* What to produce: Transcribe every entry word for word. Skip the pictures.

* Records for this exercise:

=== Section Start ===

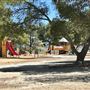 Apollo Community Regional Park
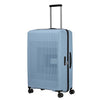 AEROSTEP - spinner 77cm EXP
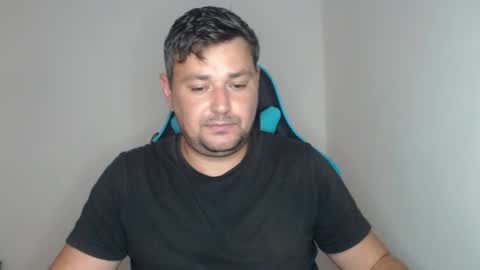 Alex online show from 12, 9, 2025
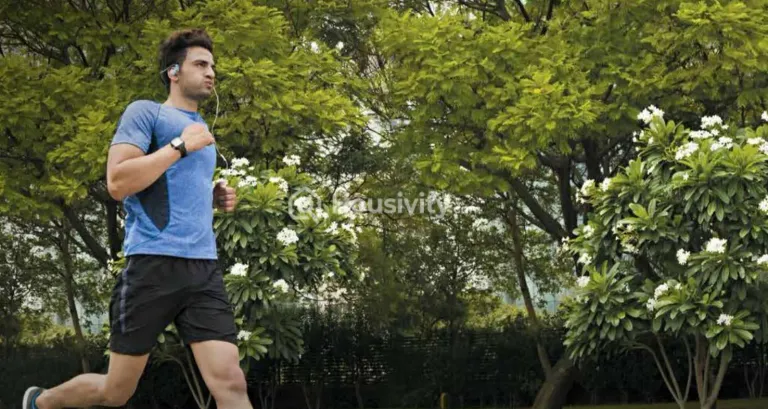 Godrej Upavan Image 10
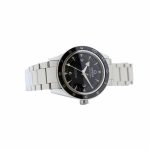 Omega Seamaster 233.32.41.21.01.001 Spectre - Image 3
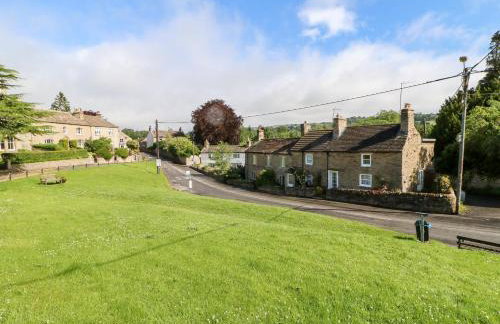 Hawthorne Cottage - Photo 31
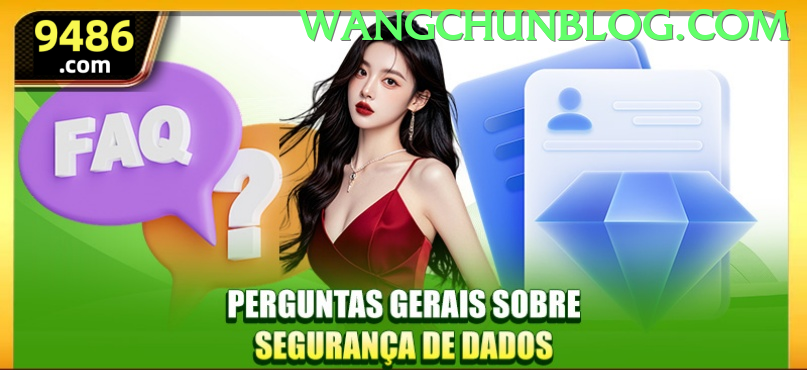 Lista de jogos para 61na seção de download - apk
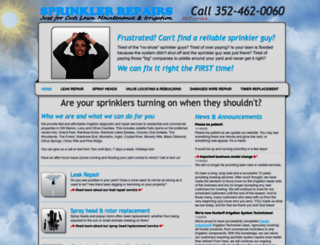 justforcuts.com screenshot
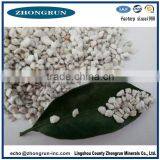 raw perlite for hydroponics best price China supplier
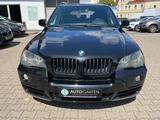 BMW X5 3.0 d /M Sportpaket - gebrauchte BMW X5 aus dem Jahr 2008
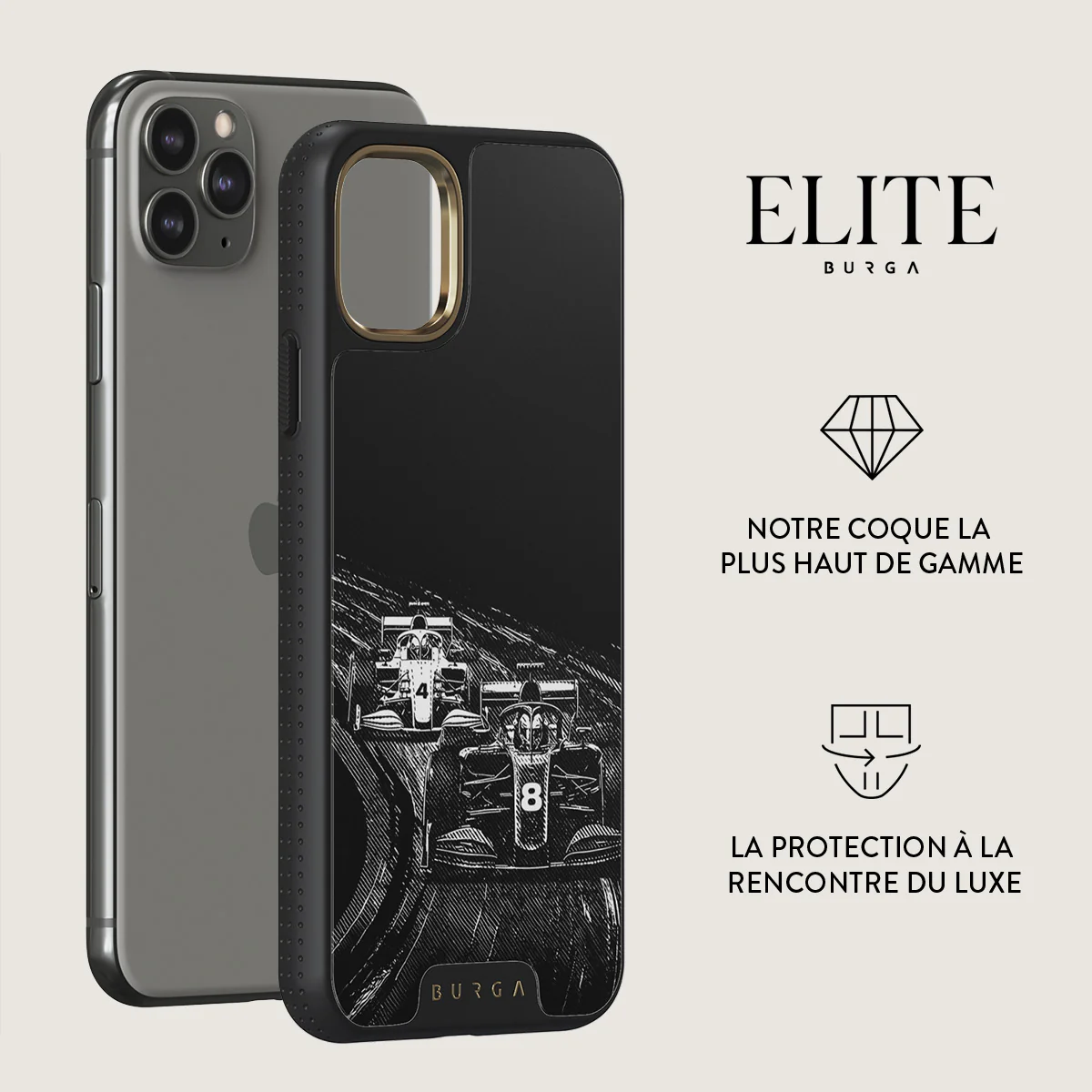 Image du produit 10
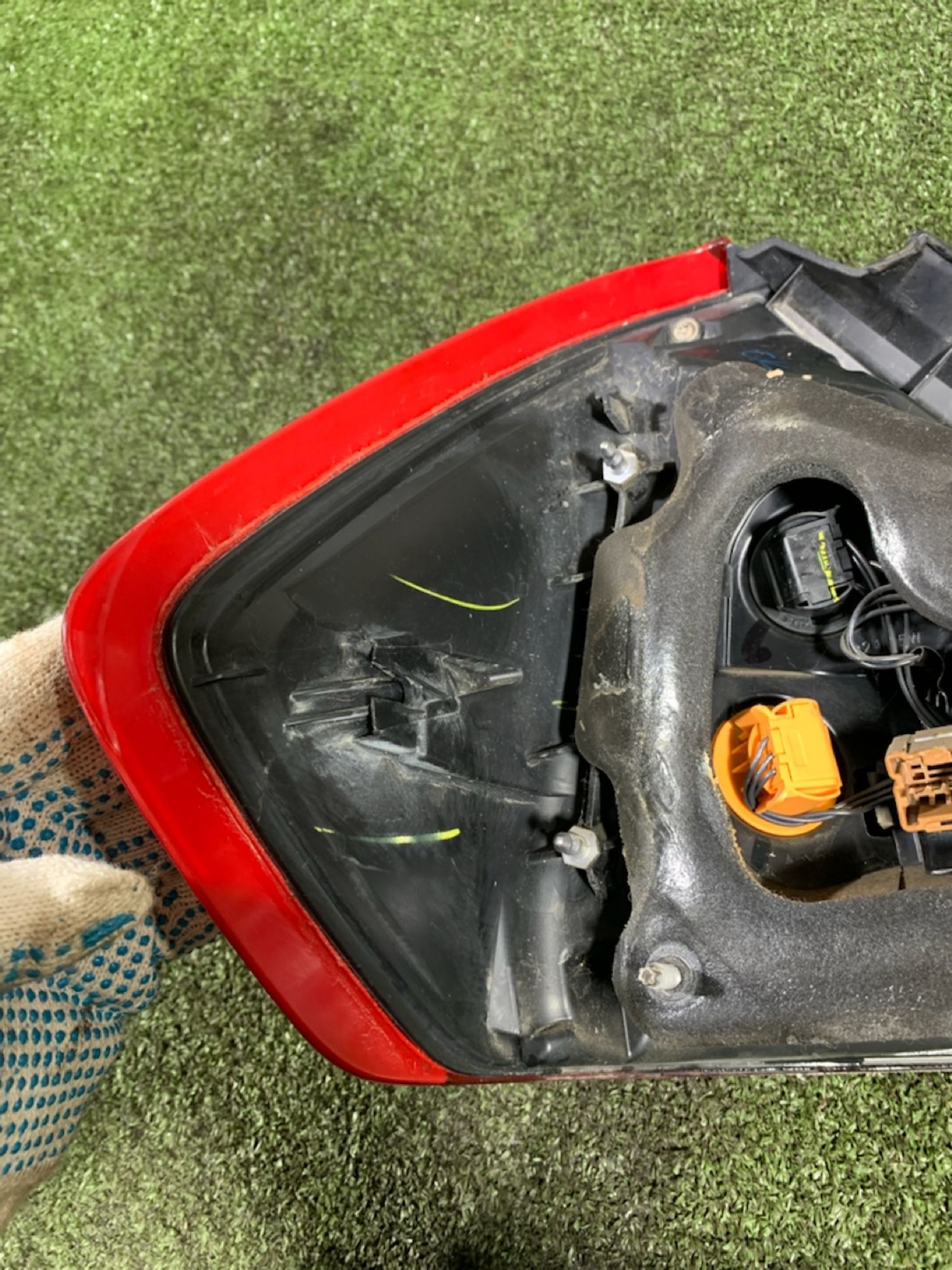 https://ycs.partsauto.market/partsauto-images/thmbs/userImages/7493bedda53ffbba18042670cc6fed05/part/d09e926d-5e29-4ec1-827d-6e9f0eb742e2_1736149752102.jpg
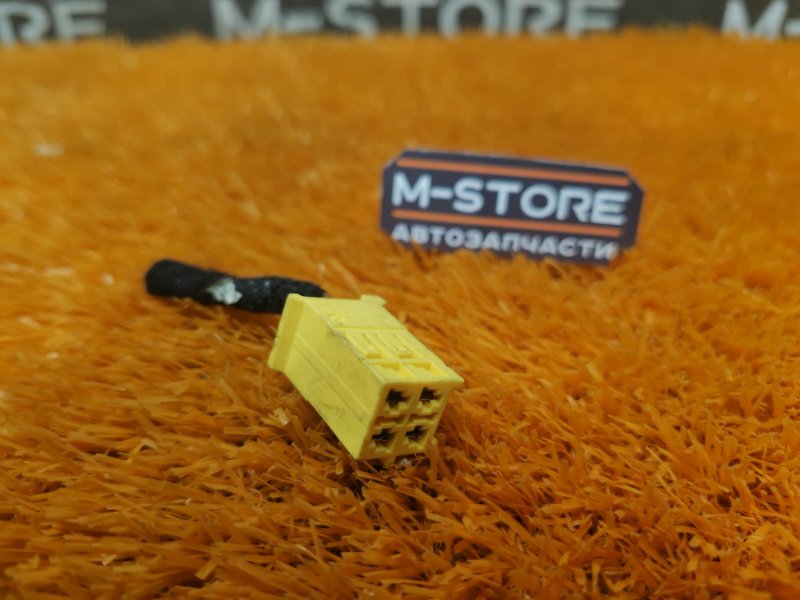 разъем, 300 рублей, Красноярск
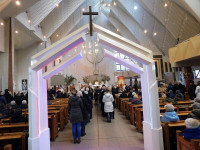 DSCN7510.JPG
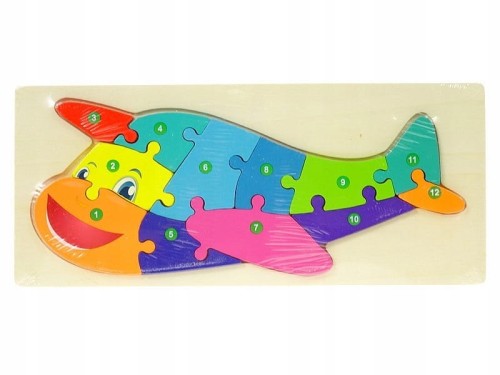 14336c049ba0e11b81166fad182840a2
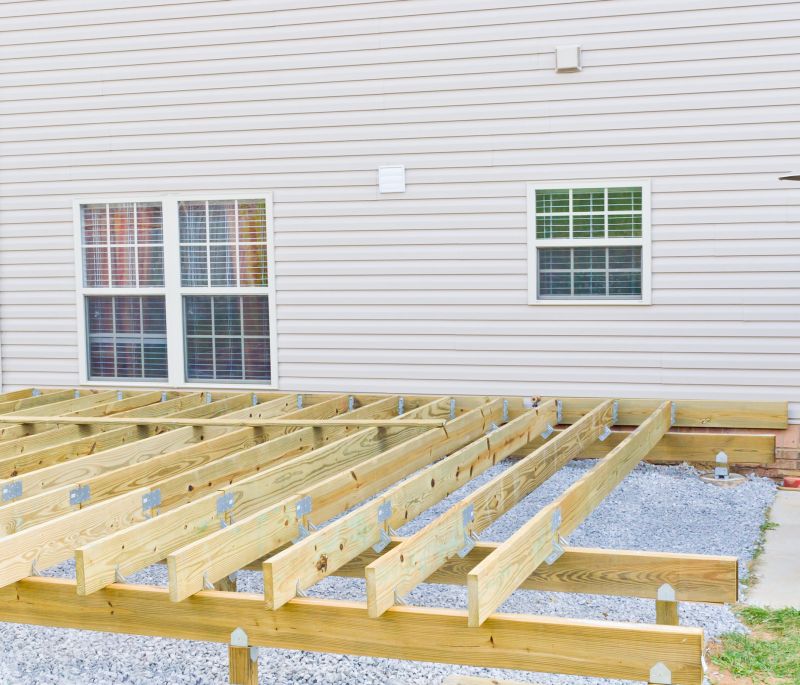 Worcester, MA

=== Section End ===

* Answer for the task:
 Apollo Community Regional Park
 AEROSTEP - spinner 77cm EXP
 Alex online show from 12, 9, 2025
 Godrej Upavan Image 10
 Omega Seamaster 233.32.41.21.01.001 Spectre - Image 3
 Hawthorne Cottage - Photo 31
 Lista de jogos para 61na seção de download - apk
 justforcuts.com screenshot
 raw perlite for hydroponics best price China supplier
 BMW X5 3.0 d /M Sportpaket - gebrauchte BMW X5 aus dem Jahr 2008
 Image du produit 10
 https://ycs.partsauto.market/partsauto-images/thmbs/userImages/7493bedda53ffbba18042670cc6fed05/part/d09e926d-5e29-4ec1-827d-6e9f0eb742e2_1736149752102.jpg
 разъем, 300 рублей, Красноярск
 DSCN7510.JPG
 14336c049ba0e11b81166fad182840a2
 Worcester, MA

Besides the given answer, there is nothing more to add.